RAW DATA:
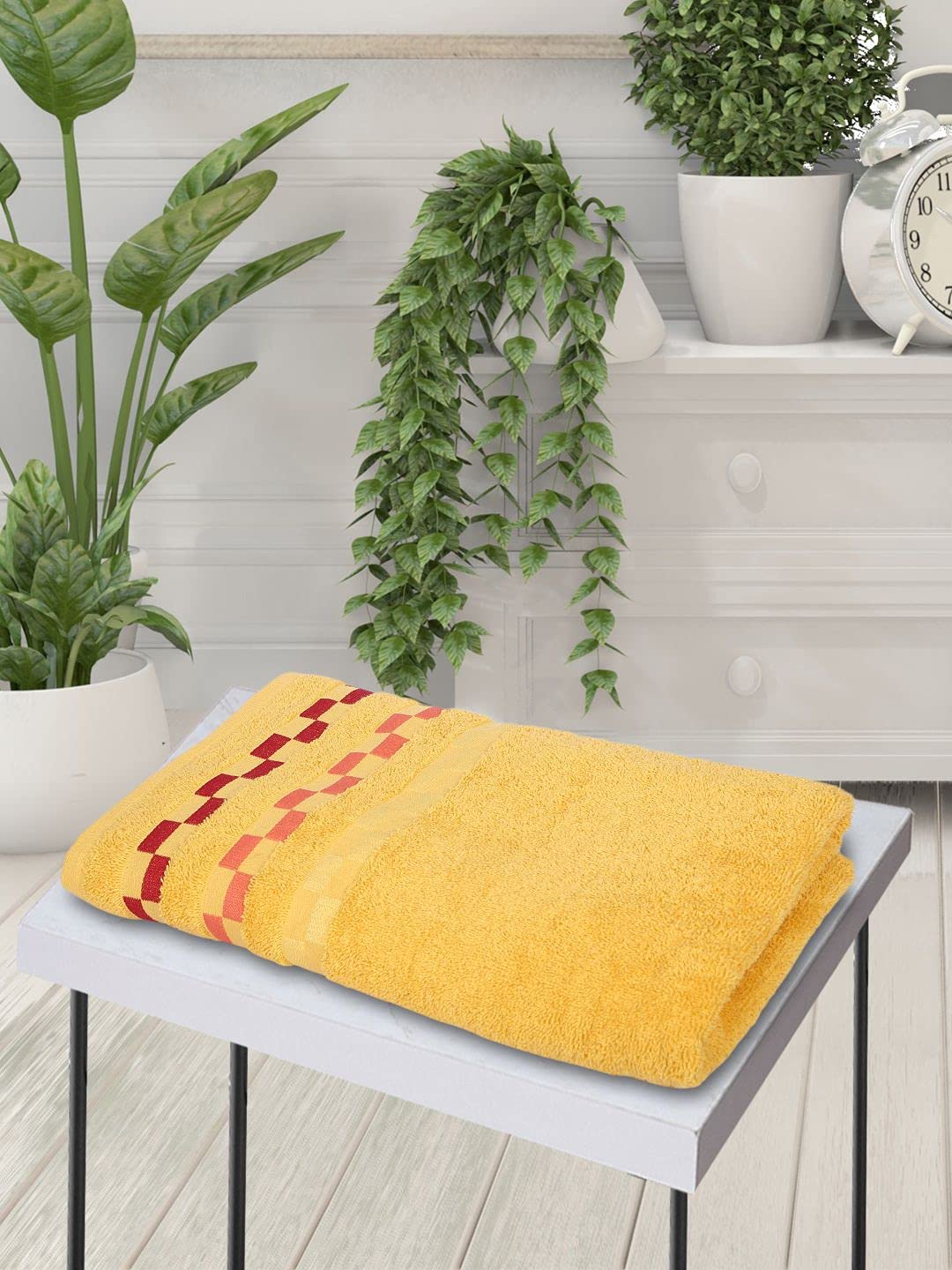 Bianca Super Soft Turkish Terry Towel 600 Gsm | 100% Mercerised Cotton Large Bath Towel Super Absorbent | Anti Bacterial, Quick Dry Technology - Gold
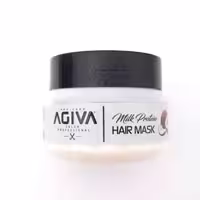 ماسک مو داخل حمام آگیوا حاوی پروتئین شیر 350 میل مدل Agiva Milk Protein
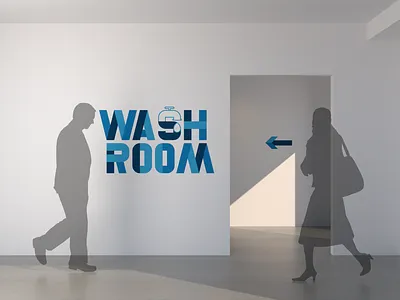 Wash Room 3d architectural architecture arrows cgi concept covid environmental graphics interior design interiors pandemic silhouette typeface virus wash washroom wayfinding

WHAT THE TASK REQUIRES:
Copy the lines above exactly. Do not include pictures.

ANSWER TO THE EXERCISE:
 Bianca Super Soft Turkish Terry Towel 600 Gsm | 100% Mercerised Cotton Large Bath Towel Super Absorbent | Anti Bacterial, Quick Dry Technology - Gold
 ماسک مو داخل حمام آگیوا حاوی پروتئین شیر 350 میل مدل Agiva Milk Protein
 Wash Room 3d architectural architecture arrows cgi concept covid environmental graphics interior design interiors pandemic silhouette typeface virus wash washroom wayfinding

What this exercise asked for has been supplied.